5.3. Ketinggian Tempat
Pada umumnya tanaman alpukat dapat tumbuh di dataran rendah sampai dataran tinggi, yaitu 5-1500 m dpl. Namun tanaman ini akan tumbuh subur dengan hasil yang memuaskan pada ketinggian 200-1000 m dpl. Untuk tanaman alpukat ras Meksiko dan Guatemala lebih cocok ditanam di daerah dengan ketinggian 1000-2000 m dpl., sedangkan ras Hindia Barat pada ketinggian 5-1000 m dpl.
6. PEDOMAN BUDIDAYA
6.1. Pembibitan
1) Persyaratan Bibit
Bibit yang baik antara lain yang berasal dari
a) Buah yang sudah cukup tua.
b) Buahnya tidak jatuh hingga pecah.
c) Pengadaan bibit lebih dari satu jenis untuk menjamin kemungkinan adanya persarian bersilang.
2) Penyiapan Bibit
Sampai saat ini bibit alpukat hanya dapat diperoleh secara generatif (melalui biji) dan vegetatif (penyambungan pucuk/enten dan penyambungan mata/okulasi).
Dari ketiga cara itu, bibit yang diperoleh dari biji kurang menguntungkan karena tanaman lama berbuah (6-8 tahun) dan ada kemungkinan buah yang dihasilkan
berbeda dengan induknya. Sedangkan bibit hasil okulasi maupun enten lebih cepat berbuah (1-4 tahun) dan buah yang didapatkannya mempunyai sifat yang
sama dengan induknya.
3) Teknik Penyemaian Bibit
a) Penyambungan pucuk (enten)
Pohon pokok yang digunakan untuk enten adalah tanaman yang sudah berumur 6-7 bulan/dapat juga yang sudah berumur 1 tahun, tanaman berasal dari biji yang berasal dari buah yang telah tua dan masak, tinggi 30 cm/kurang, dan yang penting jaringan pada pangkal batang belum berkayu. Sebagai cabang sambungannya digunakan ujung dahan yang masih muda dan berdiameter lebih kurang 0,7 cm.
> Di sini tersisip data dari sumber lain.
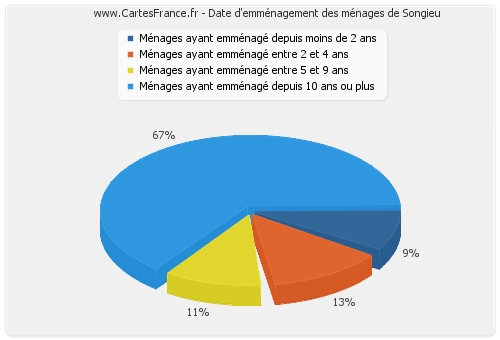 Date d'emménagement des ménages de Songieu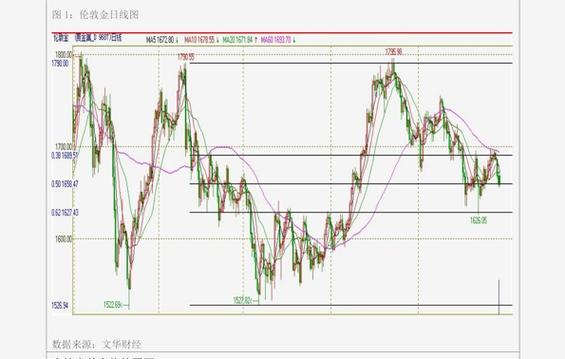 神仙抄底选股公式（抄底逃顶王）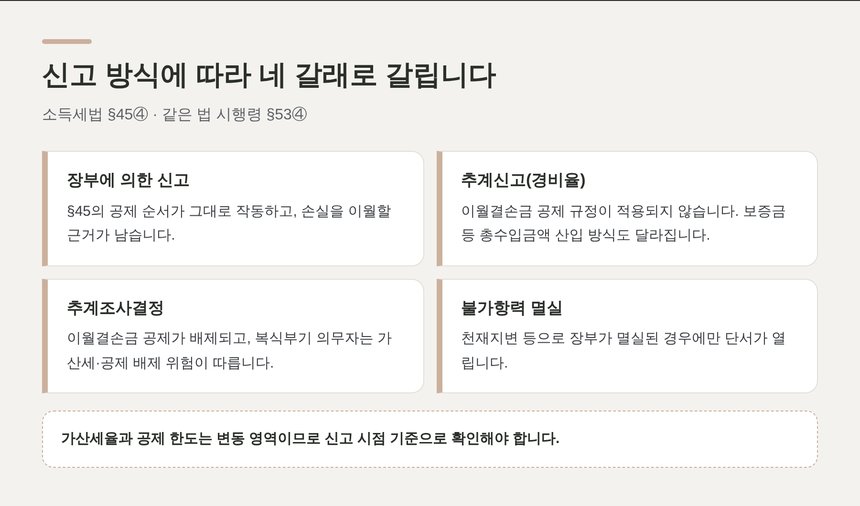 신고 방식에 따라 갈리는 네 갈래 — 청라 종소세 신고대행 기준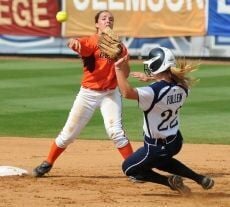 Yellow Jackets batter Virginia Tech for ACC softball championship (copy)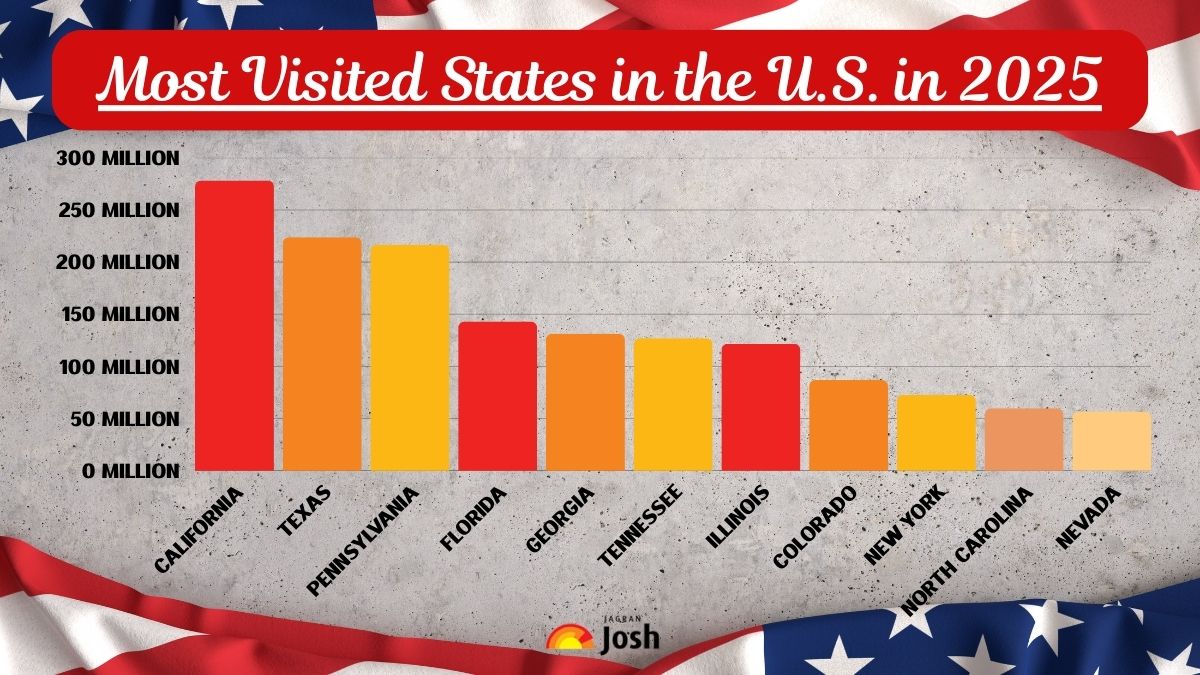 Most Visited States in the US in 2025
Dahan tersebut dipotong miring sesuai dengan celah yang ada pada pohon pokok sepanjang lebih kurang 10 cm, kemudian disisipkan ke dalam belahan di samping pohon pokok yang diikat/dibalut. Bahan yang baik untuk mengikat adalah pita karet, plastik, rafia/kain berlilin. Sebaiknya penyambungan pada pohon pokok dilakukan serendah mungkin supaya tidak dapat kuncup pada tanaman pokok. Enten-enten yang telah disambung diletakkan di tempat teduh, tidak berangin, dan lembab. Setiap hari tanaman disiram, dan untuk mencegah serangan penyakit sebaiknya tanaman disemprot fungisida. Pada musim kering hama tungau putih sering menyerang, untuk itu sebaiknya dicegah dengan semprotan kelthane. Bibit biasanya sudah dapat dipindahkan ke kebun setelah berumur 9-16 bulan, dan pemindahannya dilakukan pada saat permulaan musim hujan
b) Penyambungan mata (okulasi)
Pembuatan bibit secara okulasi dilakukan pada pohon pangkal berumur 8-10 bulan. Sebagai mata yang akan diokulasikan diambil dari dahan yang sehat, dengan umur 1 tahun, serta matanya tampak jelas. Waktu yang paling baik untuk menempel yaitu pada saat kulit batang semai mudah dilepaskan dari kayunya. Caranya adalah kulit pohon pokok disayat sepanjang 10 cm dan lebarnya 8 mm. Kulit tersebut dilepaskan dari kayunya dan ditarik ke bawah lalu dipotong 6 cm. Selanjutnya disayat sebuah mata dengan sedikit kayu dari cabang mata (enthout), kayu dilepaskan pelan-pelan tanpa merusak mata. Kulit yang bermata dimasukkan di antara kulit dan kayu yang telah disayat pada pohon pokok dan ditutup lagi, dengan catatan mata jangan sampai tertutup. Akhirnya balut seluruhnya dengan pita plastik. Bila dalam 3-5 hari matanya masih hijau, berarti penempelan berhasil.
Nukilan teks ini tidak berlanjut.